Once sworn, the contract was considered binding and could not be broken lightly. The oath was often taken on a relic, such as a saint's bone, or on a copy of the Gospel, underscoring its solemnity. The ceremony was further emphasized by the vassal clasping his hands between the lord's while reciting the oath. A ceremonial kiss sometimes sealed the agreement, though it was less significant than the rituals of homage and fealty.

The term fealty comes from the Latin fidelitas, meaning fidelity, and referred to the vassal's sworn loyalty to his feudal lord. The oath of fealty reinforced the commitments made during homage, formally establishing the mutual obligations between lord and vassal. The vassal's primary duty was military service. Using the resources provided by his fief, the vassal was expected to supply armor, weapons, horses, and provisions to fulfill his military obligations when summoned by his lord.

The specifics of the military service—such as its duration and the number of knights or soldiers required—were typically agreed upon in advance. Wealthier vassals, such as barons with extensive landholdings, had greater obligations, as they could afford to provide and equip a larger retinue of knights. Because knights needed horses, armor, weapons, and supplies to sustain themselves and their attendants for the duration of their service, fulfilling these obligations could be highly expensive.

Military service was the primary reason for the feudal relationship, but vassals also had additional duties, including attendance at their lord's court. Depending on their rank, vassals were required to serve at the manorial, baronial, or royal court—such as the Parliament of England. This duty involved providing counsel, meaning that if the lord faced an important decision, he would summon his vassals for advice. At the manorial level, this could involve agricultural management, while at higher levels, it could include acting as jurors in legal matters, even cases involving capital punishment. In the king's feudal court—the precursor to parliament—such deliberations could extend to matters of war and governance.

Feudal customs varied over time and by region. For more details, see Examples of feudalism.

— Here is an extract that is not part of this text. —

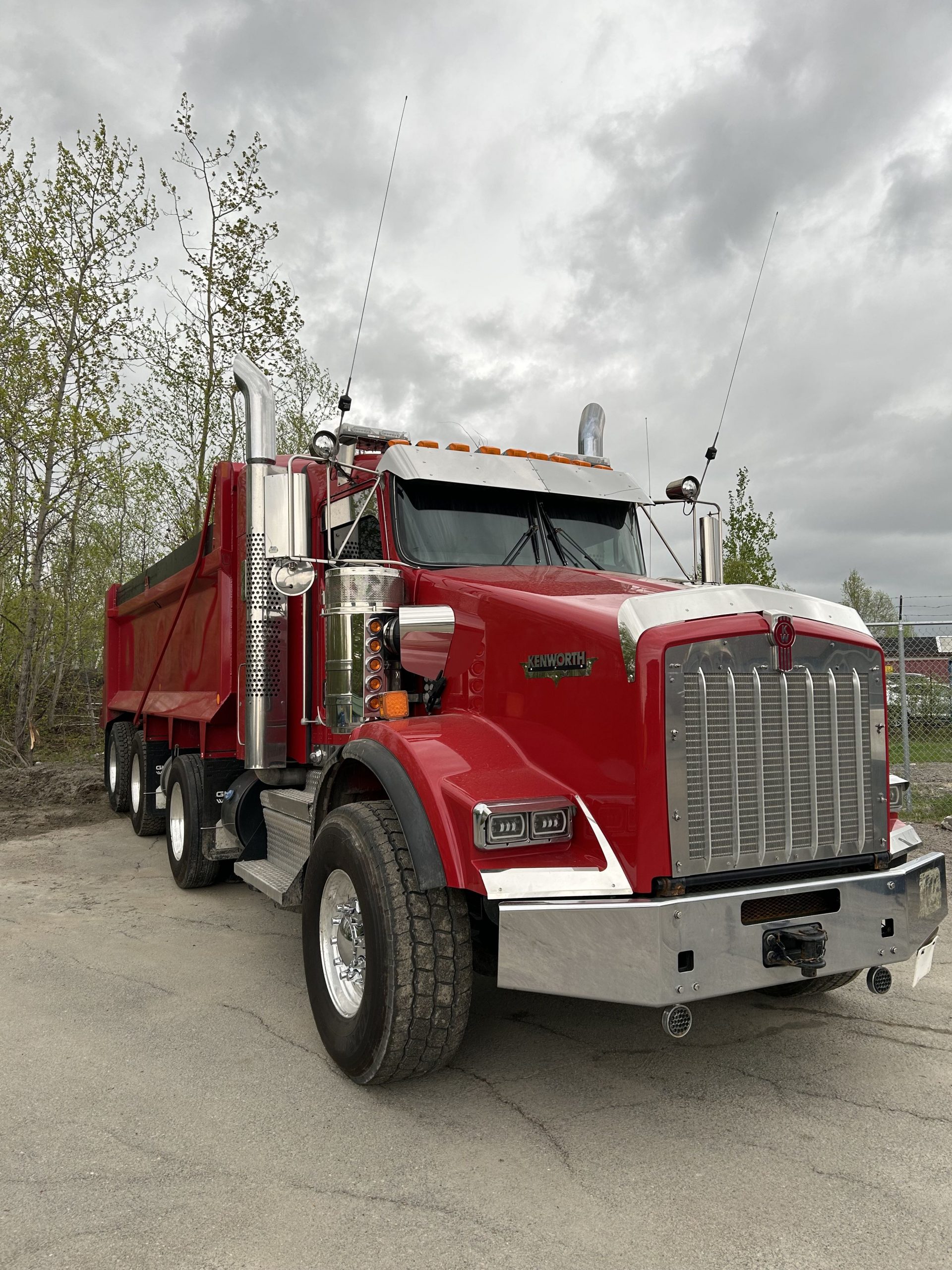 2021 Kenworth - Exterior Passenger Side .jpeg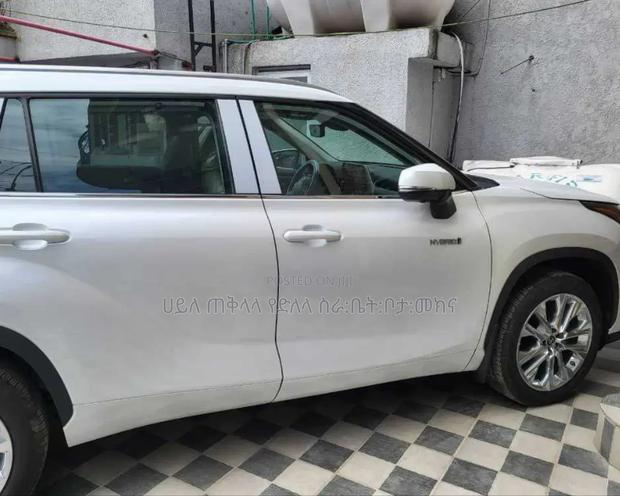 New Toyota Highlander Hybrid 2024 White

==Varieties of feudal tenure==

Under the feudal system several different forms of land tenure existed, each effectively a contract with differing rights and duties attached thereto. The main varieties are as follows:

===Military tenure===
Freehold (Indeterminate & Hereditable):
- By barony (per baroniam) – This form of tenure constituted the holder as a feudal baron and was the highest degree of tenure. It imposed military service obligations. Over time, barons were differentiated into greater and lesser barons, with only greater barons being guaranteed the right to attend Parliament. All such holders were necessarily tenants-in-chief of the Crown.
- By knight-service – Ranking below tenure by barony, this form of tenure also required military service, though to a lesser extent. It could be held in capite directly from the king or as a mesne tenancy under a tenant-in-chief.
- By castle-guard – A specialized form of military service in which the tenant was required to guard a designated castle for a specified number of days per year.
- By scutage – A tenure in which the military service obligation had been commuted to monetary payments. This became increasingly common during the decline of the feudal era, marking a transition from personal military service to financial contributions in lieu of service.

===Non-military tenure===
Freehold (Indeterminate & Hereditable):
- By serjeanty – This form of tenure was granted in return for performing specific services for the king in a non-military capacity. When the service was of a ceremonial or honorary nature, it was termed grand serjeanty, whereas more practical or menial service was classified as petty serjeanty.
- By frankalmoin – A tenure generally restricted to clerics, under which land was granted to religious institutions in return for spiritual services, such as prayers for the grantor's soul, rather than military or financial obligations.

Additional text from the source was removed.